• **Your assignment**:
Copy out the lines beginning at the one with "Foggy summer morning" and ending at the last line of the data, both included; pictures stay out.

Short descriptive text snippets:
- - - - -

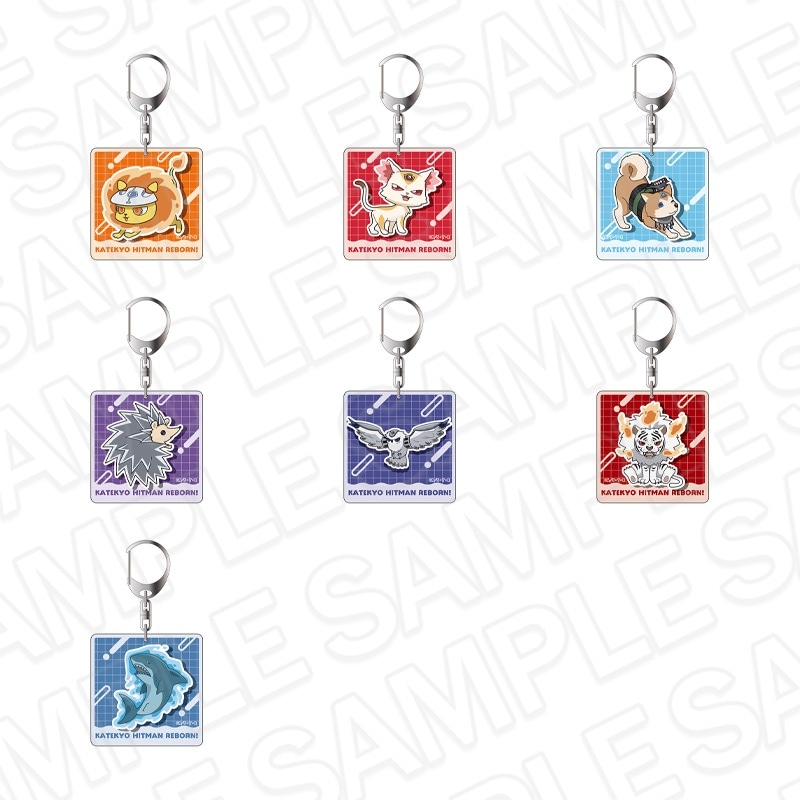 家庭教師ヒットマンREBORN! アクリルキーホルダー(ブラインド) 匣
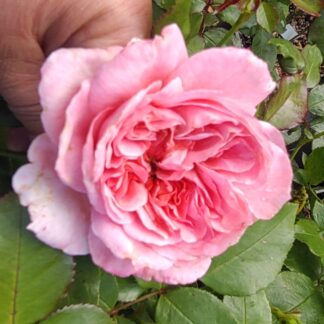 Rosie Posie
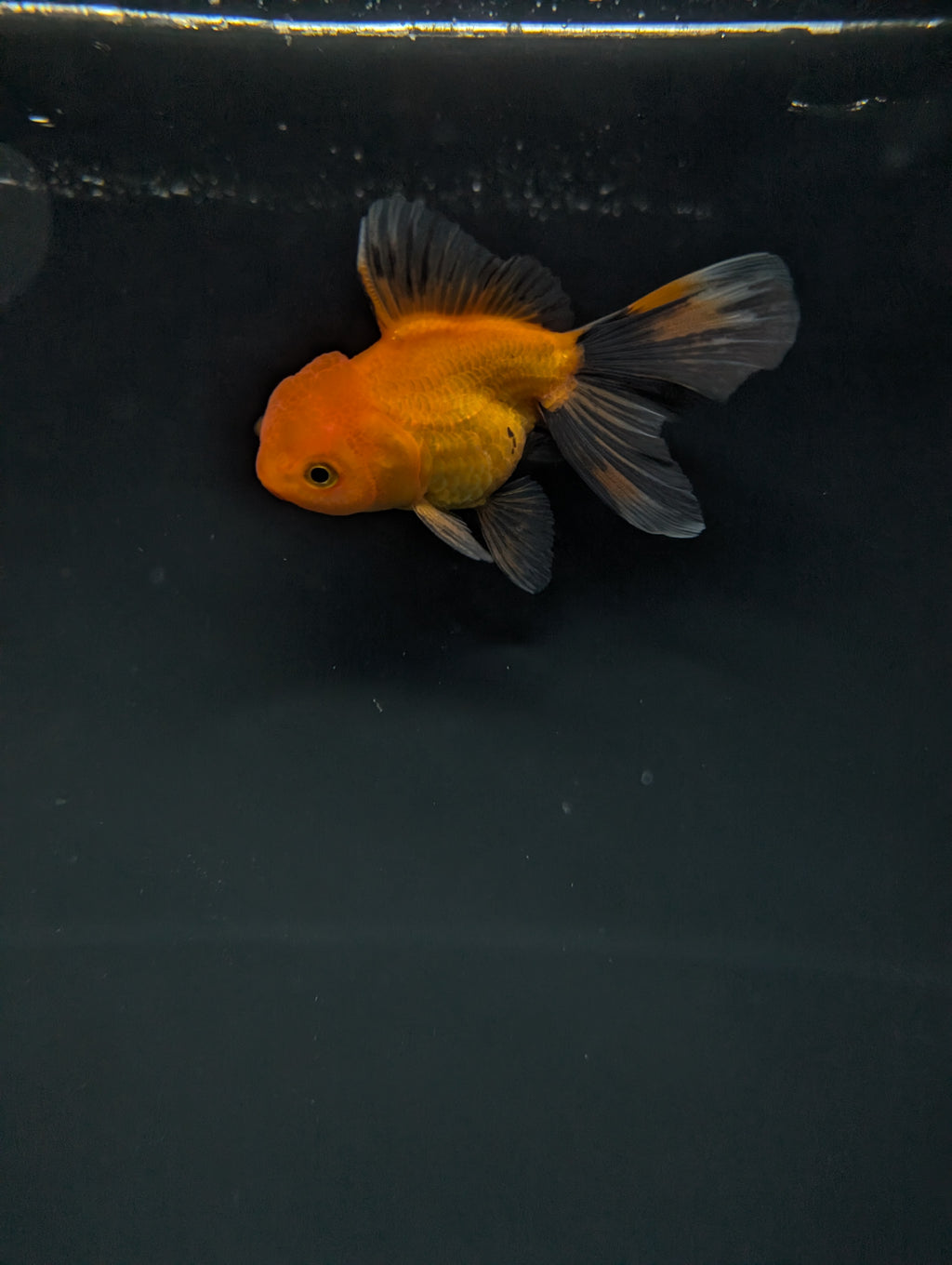 PEACH *Boss 501 Juvenile Oranda Tricolor 3.5"-4" in.  ID#501T2A-007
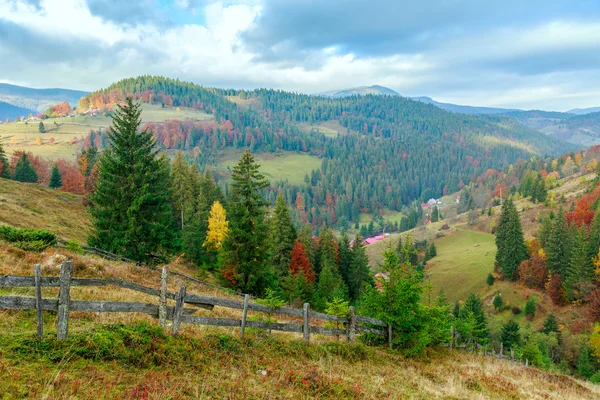 Foggy summer morning in the mountains — Stock Photo, Image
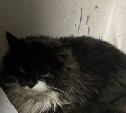 В Южно-Сахалинске кошечка спряталась в моторном отсеке автомобиля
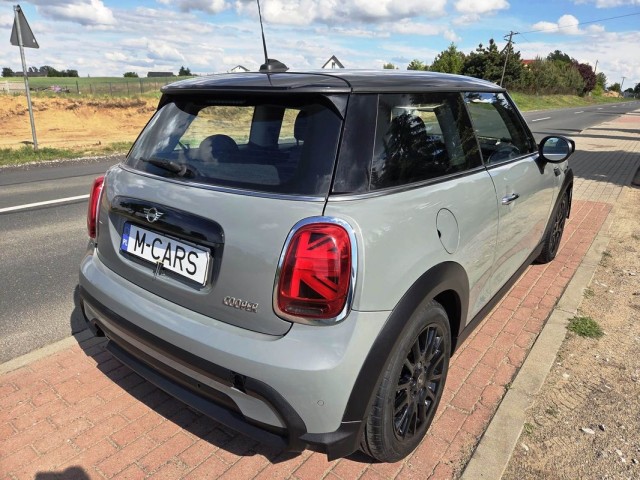 mini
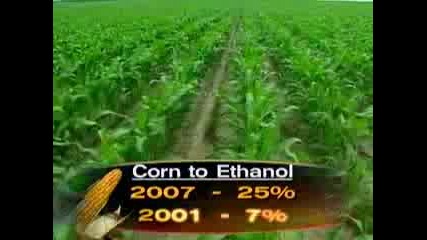 Gold In Those Corn Fields (cbs News)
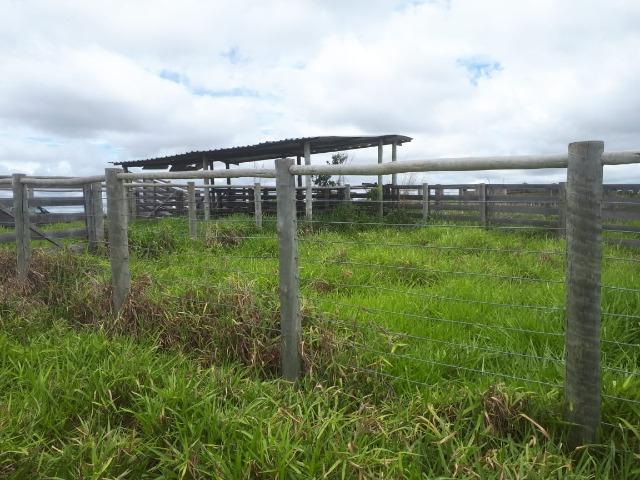 Excelente fazenda em Presidente Olegário/MG- oportunidade - Foto 11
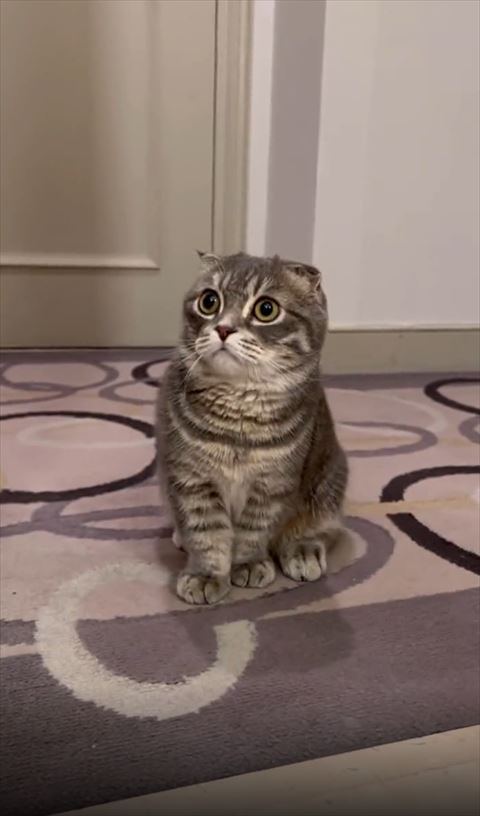 お座りして見上げる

- - - - -

• **Reply to the task**:
 Foggy summer morning in the mountains — Stock Photo, Image
 В Южно-Сахалинске кошечка спряталась в моторном отсеке автомобиля
 mini
 Gold In Those Corn Fields (cbs News)
 Excelente fazenda em Presidente Olegário/MG- oportunidade - Foto 11
 お座りして見上げる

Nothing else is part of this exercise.